• _What to do_
From the data below, set down exactly the lines between the one holding "Winter is coming - Zeit für Enteignung!" and the one holding "CT CARBON Diffuser", inclusive, and no others.

• _Given data_
- Opening Delimiter -
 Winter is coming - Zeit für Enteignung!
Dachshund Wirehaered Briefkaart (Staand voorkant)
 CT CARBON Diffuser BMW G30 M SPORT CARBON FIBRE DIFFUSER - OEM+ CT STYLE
- Closing Delimiter -
- Opening Delimiter -
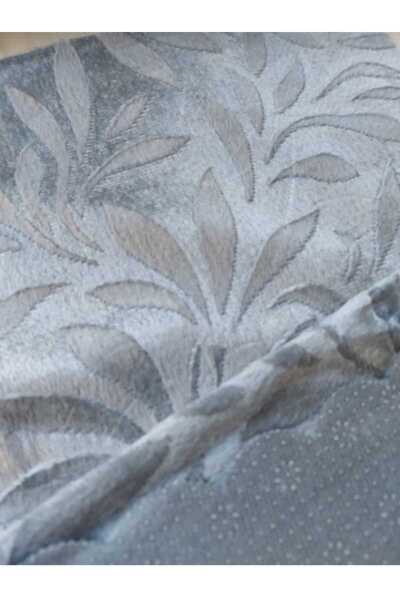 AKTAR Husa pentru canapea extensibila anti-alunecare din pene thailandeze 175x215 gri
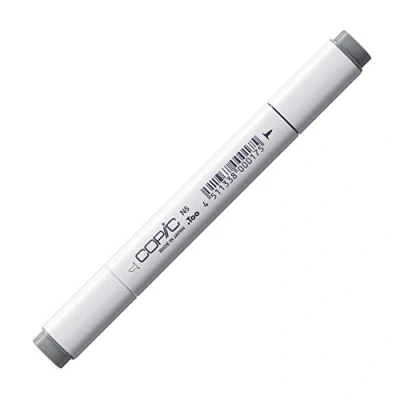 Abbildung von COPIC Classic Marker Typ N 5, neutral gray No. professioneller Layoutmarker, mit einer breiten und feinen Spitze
- Closing Delimiter -
- Opening Delimiter -
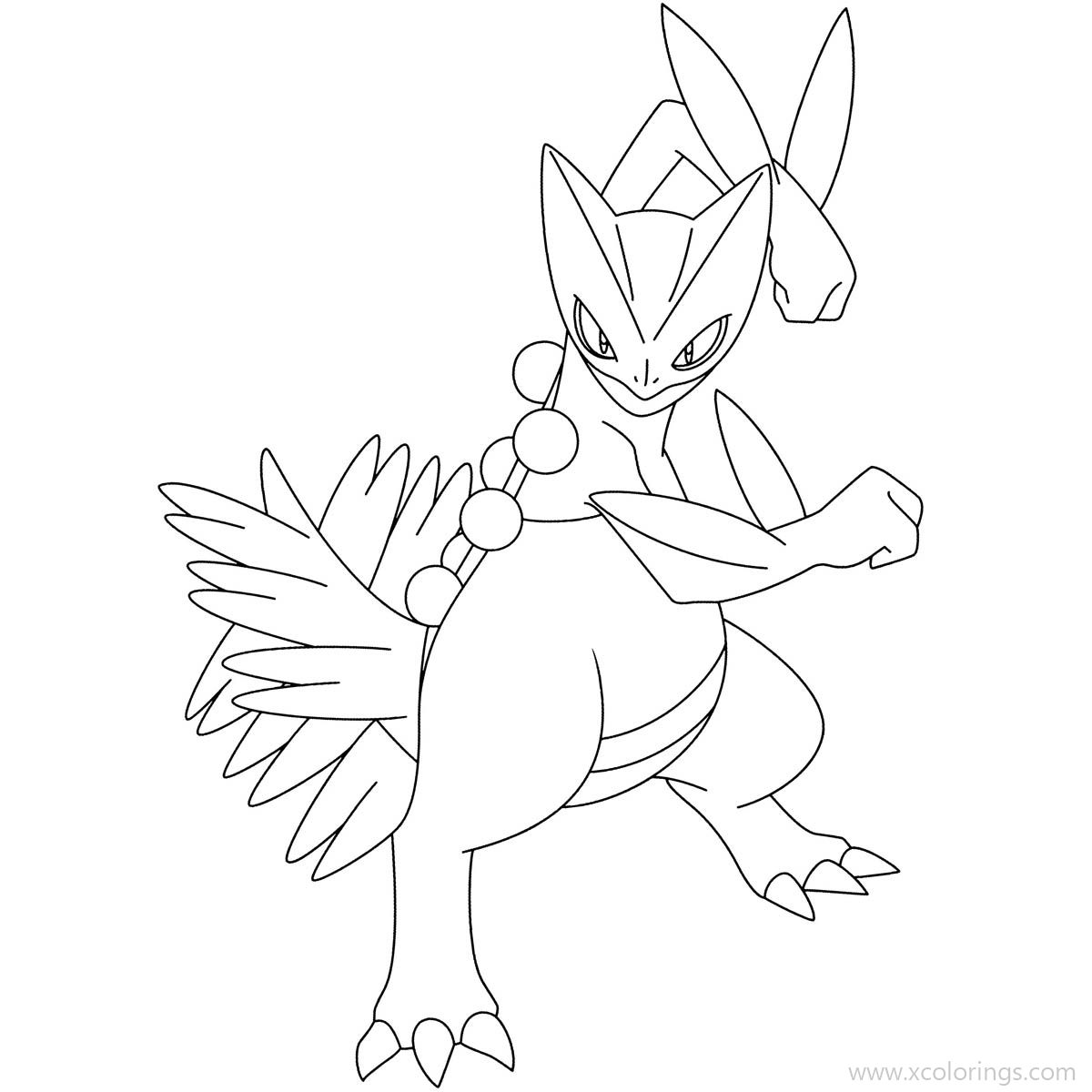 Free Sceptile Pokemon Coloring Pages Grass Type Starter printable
- Closing Delimiter -
• _Written answer_
 Winter is coming - Zeit für Enteignung!
Dachshund Wirehaered Briefkaart (Staand voorkant)
 CT CARBON Diffuser BMW G30 M SPORT CARBON FIBRE DIFFUSER - OEM+ CT STYLE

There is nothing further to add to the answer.